Норма неопределенно повела плечами.
– Благодарю. Итак, обстоятельства таковы, что большинство божьих коровок подвида bipunctata неспособны сделать свободный выбор в пользу того или иного самца. Да, и этот Мэджерус и его коллеги установили, что один-единственный ген, один-единственный ген, фрау Десмонд…
– Слышала уже, доктор Барски.
– …что один-единственный ген определяет, выберет ли крохотная дама черного жучка с красными точками или же красного с черными. Прошу вас, не перебивайте. Это важно! – И снова заговорил менторским тоном – Ученые доказали, что расположенность к черным самцам наследуется самочками от божьих коровок-родителей. Наследуется! Если у дочери есть доминантный ген, то шанс стать ее избранником есть только у черных жучков.
– Прекратите, пожалуйста!
– Если же у дамы этого гена нет, то ухаживать за ней с равным успехом могут как черные, так и красные господа. Ученые выяснили это в результате сложнейших опытов по скрещиванию и спариванию.
– О великий Боже!..
– И тем самым, сударыня, они разрешили старый спор между учеными, исследующими законы наследственности, и учеными, исследующими законы поведения. Ибо в кругах специалистов до сих пор подвергалась сомнению возможность воздействия на столь сложный процесс, как выбор партнера, с помощью одного-единственного гена… Потрясающе, да?
– И даже очень. Или весьма… – не удержалась, чтобы не поддеть его, Норма. – Да, весьма… Однако признайтесь, вы все это выдумали только что?

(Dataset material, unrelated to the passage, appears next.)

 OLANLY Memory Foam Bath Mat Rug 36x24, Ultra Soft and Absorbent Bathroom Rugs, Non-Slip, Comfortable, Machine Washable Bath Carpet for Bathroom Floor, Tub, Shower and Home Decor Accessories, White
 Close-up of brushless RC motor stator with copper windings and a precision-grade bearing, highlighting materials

– Но, позвольте… «Нейчер» – один из наиболее серьезных журналов!
– О-о, разумеется…
– Как вам будет угодно, – он опустил голову. – Не сердитесь на меня, если я вас утомил.
– Сердиться? За что же? Вы всего-навсего попытались… То есть мы оба… Каждый надеется вытащить себя самого из болота за волосы… как Мюнхгаузен… Вы же попытались вытащить из болота меня… – Норма не смогла закончить мысль, отвернулась.
– Мне пора идти, – сказал он.
– Конечно, – она снова обратила к нему свое лицо. – Как только приедете домой, позвоните мне!
– А вы знаете, который сейчас час?
– Вряд ли я скоро засну. Позвоните – чтобы я была спокойна. Мало ли… мало ли что может случиться. И не гоните машину!
Они вышли в коридор. Барски протянул ей руку и быстро произнес несколько фраз по-польски.
– Что это значит?
– Да так. – Он смутился. – Что-то вроде молитвы. Да храни вас Господь.
– Разве вы верите в Бога?
– Раньше не верил. Но с тех пор…
– Понимаю.
– Хорошо, я позвоню.
Барски уже вызвал лифт. Кабина поднялась, и он вошел внутрь.
– Храни вас Господь! – сказал он на сей раз по-немецки.
Дверь лифта автоматически закрылась, и кабина заскользила вниз.
Заперев квартиру на ключ, Норма пошла в ванную. Открыла оба крана сразу, отрегулировала температуру воды.
Обижаться на него действительно не стоит, подумала она. Он хотел как лучше. Старался как мог. Но в жизни каждый за себя: «And has to fight his own battles. Alone».